Agitation or aggression in patients with symptomatic dementia is characterized by a spectrum of behaviors, including verbal outbursts and physical aggression. The mentioned behaviors are challenging for caregivers, contributing to their distress and early burnout. In some cases, aggressive behaviors may require long-term pharmacological management [81]. Clinical assessment may require additional high-sensitivity testing, including validated tools like the Spanish Neuropsychiatric Inventory (NPI), the Neurobehavioral Rating Scale (NBRS), and the Pittsburgh Agitation Scale (PAS) [82].
Psychotic symptoms such as delusions, hallucinations, or paranoia can also emerge in dementia, adding another layer of complexity to the clinical picture. They can be identified with a frequency of 34–63% and have the most diverse etiologies [83]. Depending on etiology, symptoms vary in frequency and presentation, with delusions often being persecutory or related to misidentification, while hallucinations are typically visual [83,84].
Apathy is defined as a reduction in emotional expression or goal-directed behavior. It is a common and often debilitating symptom in dementia patients. It may be associated with signs of depression and may contribute to social withdrawal, reduced self-care, and impaired cognitive function. Although clinical presentation may be similar, it is essential to distinguish apathy and depression, given their different implications for prognosis and management [85].
Early identification, appropriate classification, and differential diagnosis are crucial at the primary care level for the timely management of common age-related problems [78]. The heterogeneity of accompanying symptoms in dementia underscores the importance of individualized psychiatric assessment and treatment strategies that address the specific needs of each patient.

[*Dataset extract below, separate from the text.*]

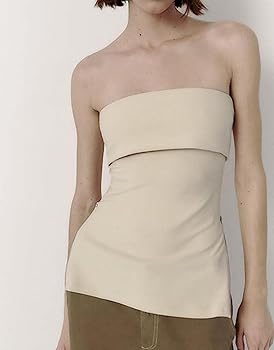 LOFAAC Women Sexy Strapless Zipper Split Side Knit Bandeau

7. Bidirectional Relationship: Sleep and Mental Health in Dementia

A cross-talk between mental health and sleep in dementia may be described as a complex interplay that can significantly impact the course and management of the disease, while disrupted sleep and wake balance affects 70% of patients in early-stage dementia [219].
One of the most substantial psychiatric symptoms, anxiety, in the general population, can profoundly disrupt sleep patterns, leading to insomnia and fragmented sleep architecture. Anxiety usually manifests as rumination and excessive worry, which can lead to sleep disturbances. Imbalanced sleep patterns, in turn, will exacerbate neuropsychiatric symptoms, especially in dementia-affected patients, who may already be burdened with psychiatric symptoms. Sleep loss may contribute to worsening hallucinations, agitation, and mood disturbances [220,221]. Moreover, behavioral disturbances are frequently reasons for acute hospitalization and long-term institutional placement, which may exacerbate insomnia. Sleep–wake cycles during hospitalization may be disrupted, especially when sedative medications were required, so that the patient is neither continuously awake nor asleep during a 24 h period, which closes the loop [222].
A bidirectional relationship between the described phenomena supports the concept of a feedback loop, where sleep disturbances and mental health symptoms perpetuate and amplify each other. This may create a cycle that is difficult to break without appropriate management. Given the high prevalence, biological importance, and health implications associated with the disrupted balance of sleep in older individuals, there is a need to focus on this topic in order to improve patient outcomes and reduce the intensity of dementia-accompanying symptoms [223,224].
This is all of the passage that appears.